Goodness laughter

Value Your Goodness

Only the goodness of people––you and me––can elevate the world

Your core values are the bedrock from which sprout your thoughts, actions, and reactions. They are the markings on your moral compass that identify whether a thought or an act aligns with your values or is astray. Core values for your life give you bearings.

Goodness is the single, all-encompassing, foundational core value of LRN LAF LUV LIV for LYF. Goodness has a quality that infuses your life’s actions with outcomes that are truly valuable and elevating.

Goodness is the necessary ingredient for any other value to have merit; a value without goodness as its underpinning will stray you from the way of experiencing an elevated life. The value of honesty is not the best policy when absent goodness—honesty can turn brutal or careless. The values of commitment, competence, and courage sound good, but without goodness can be used for harm and hatred. All other values lose their moral standing when not bathed in goodness.

The fingerprints of goodness are all over LRN LAF LUV LIV for LYF. Goodness is embodied and imbued in your life’s strategy, your life’s mission, and your life’s vision. It is mandatory for an elevated life. It is front and center in the philosophy’s platinum rule:

Do goodness always, to yourself and others.

But what is goodness? How does one define it? Your goodness is expressed by acting and responding in ways that are good for you and good for others such that it can draw out the better sides (the goodness) in everyone.
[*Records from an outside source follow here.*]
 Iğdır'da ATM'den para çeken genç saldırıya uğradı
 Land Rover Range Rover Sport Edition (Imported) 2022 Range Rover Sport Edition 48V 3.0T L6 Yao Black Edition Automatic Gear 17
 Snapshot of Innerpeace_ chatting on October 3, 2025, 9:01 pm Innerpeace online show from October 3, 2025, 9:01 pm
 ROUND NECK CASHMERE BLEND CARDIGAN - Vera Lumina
Everything you do in life expresses your goodness or detracts from it. Goodness—as a core value—should be your norm on how you think, act, and respond.

Opening doors for others to help them through, smiling when you greet someone, sending a nice message to someone to uplift his or her spirits—these are examples of actions embodying goodness.
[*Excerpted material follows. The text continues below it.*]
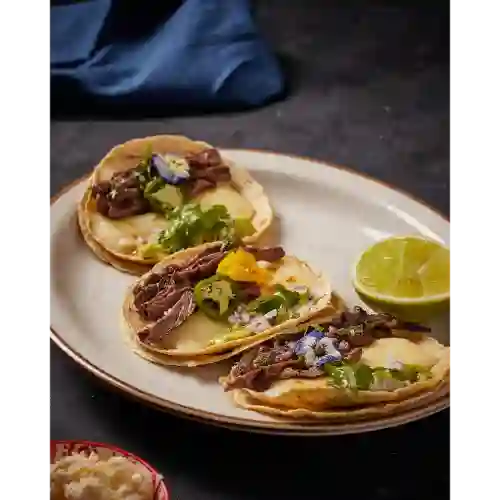 Tacos Arrachera Angus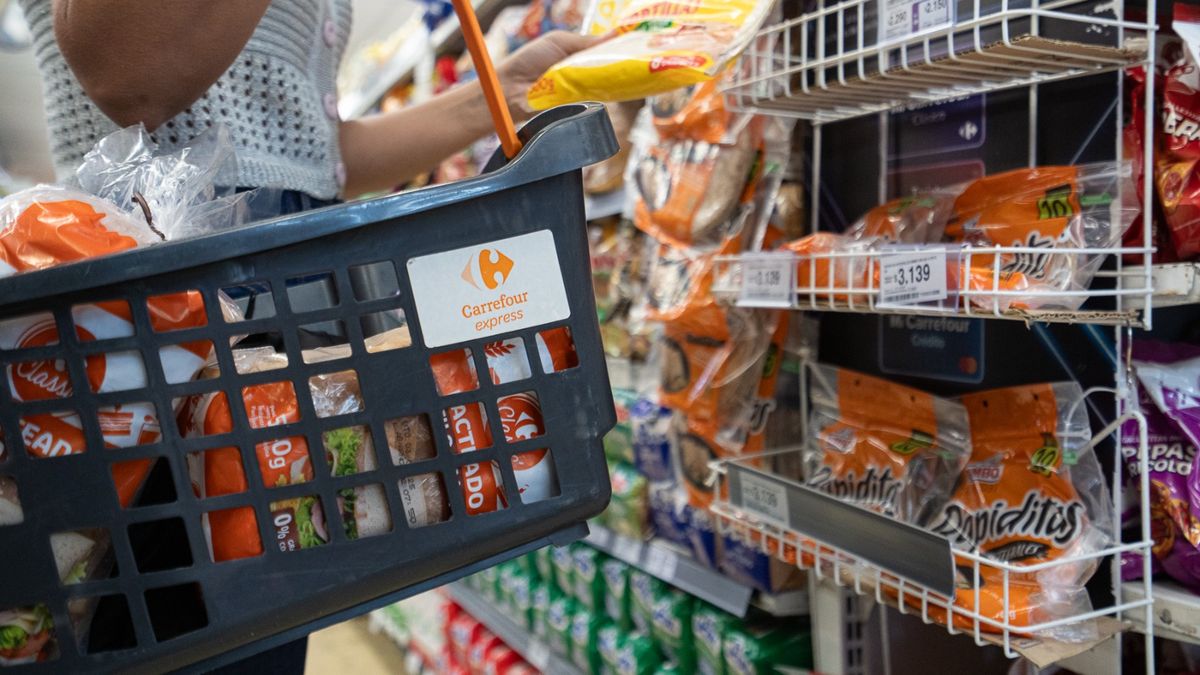 Carrefour compró una cadena de supermercados mendocina y duplicó las aperturas previstas para 2025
Responding to someone’s negativity in a way that diffuses the tension, saying you are sorry when you have hurt someone’s feelings, saying thank you and please to show their actions are appreciated—these are examples of responses embodying goodness.

Finding inspiration in the goodness of others, wanting to better yourself, analyzing alternatives and making decisions based on your core values—these are examples of thoughts that embody goodness.
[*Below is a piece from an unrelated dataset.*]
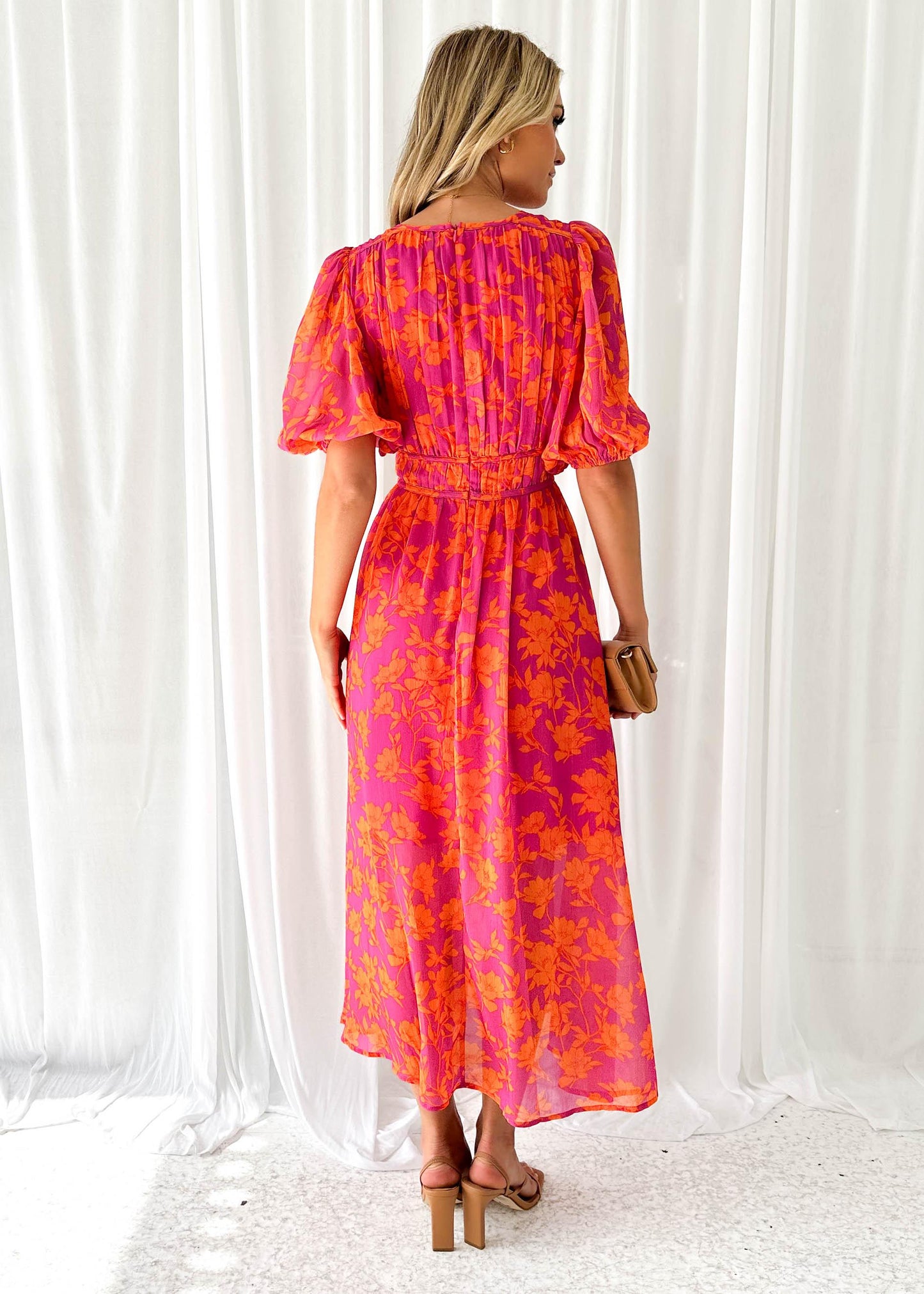 Kathy – Longue Robe à Col en V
These examples may seem small. But pebbles of goodness cast positive ripples that can stretch far and wide as good deeds are duplicated and multiplied. Your simple smile uplifts the spirits of someone who carries that forward to the next person he or she encounters. A returned smile energizes you further which is carried to your next encounter and smile. Goodness is exhibited in many ways and many sizes.

Goodness is constructive—it creates value rather than destroys value. Goodness is positive—it generates energy rather than saps energy. Goodness is beneficial—it helps the self and others rather than self-mutilates and maims.

Goodness is not a rigid set of rights and wrongs, and it is not a set of impossibilities. Goodness is situational and sensible. It is said that the Chinese teacher Confucius did not define goodness for his disciples for he believed that they would feel it and recognize it as they practiced it in different situations, and from those feelings and recognitions they could develop their own goodness further.

Many variations of the “golden rule” have been taught, shared, and preached for over two dozen centuries in various cultures. While not definitions of goodness per se, these can serve as directional statements to help foster a recognition of and provide guidance toward goodness. “What is hateful to you, do not do unto others” allows one to mentally feel what it would be like and avoid actions contrary to goodness. “Do unto others as you would have them do unto you” allows one to identify possible actions that may have goodness associated with them. These statements are helpful as one practices doing deeds of goodness and works toward embodying goodness as a habit in every thought and action.

One knows he or she is living with goodness when the outcomes of daily actions grow true wealth in yourself, give true worth to others, and provide moments of personal and divine elevations. Goodness is universal and has always been the right path throughout the centuries. Even in sixth century BCE the ancient Chinese philosopher Lao Tzu wrote:

“Treat those who are good with goodness, and also treat those who are not good with goodness. Thus goodness is attained.”

In more modern times, in the 1700’s, Benjamin Franklin would begin his day asking himself, “What good shall I do this day?” and end his day with, “What good have I done today?”

One may ask: If goodness is such a good way of living, why don’t we live it? And even if it is a good way of living, is it humanly possible to act always with goodness? “Why don’t we live it” presupposes that deeds of goodness are not performed. But there are innumerable deeds of goodness performed every day. A parent feeding their child, a goodnight kiss to a spouse, a smile to the neighbor, a good word to a friend. The point is taken, though, that people do bad things. That ill gossip or a bad word about someone slips from the tongue, that anger and frustration is expressed in the home, that jealousy initiates untoward behavior at a colleague. Why is this? Goodness takes more effort than apathy or evil.

As stated in Dhammapada, XII:163:

“Bad deeds, and deeds hurtful to ourselves, are easy to do; what is beneficial and good, that is very difficult to do.”

Expressing goodness is sometimes misinterpreted as weakness and acquiescing.  Goodness, however, is not passive or apathetic.  It requires a belief and a resilience that are quite strong.  Nonviolent civil disobedience acts of goodness are powerful.  Goodness does not mean that you capitulate to an abuser or oppressor.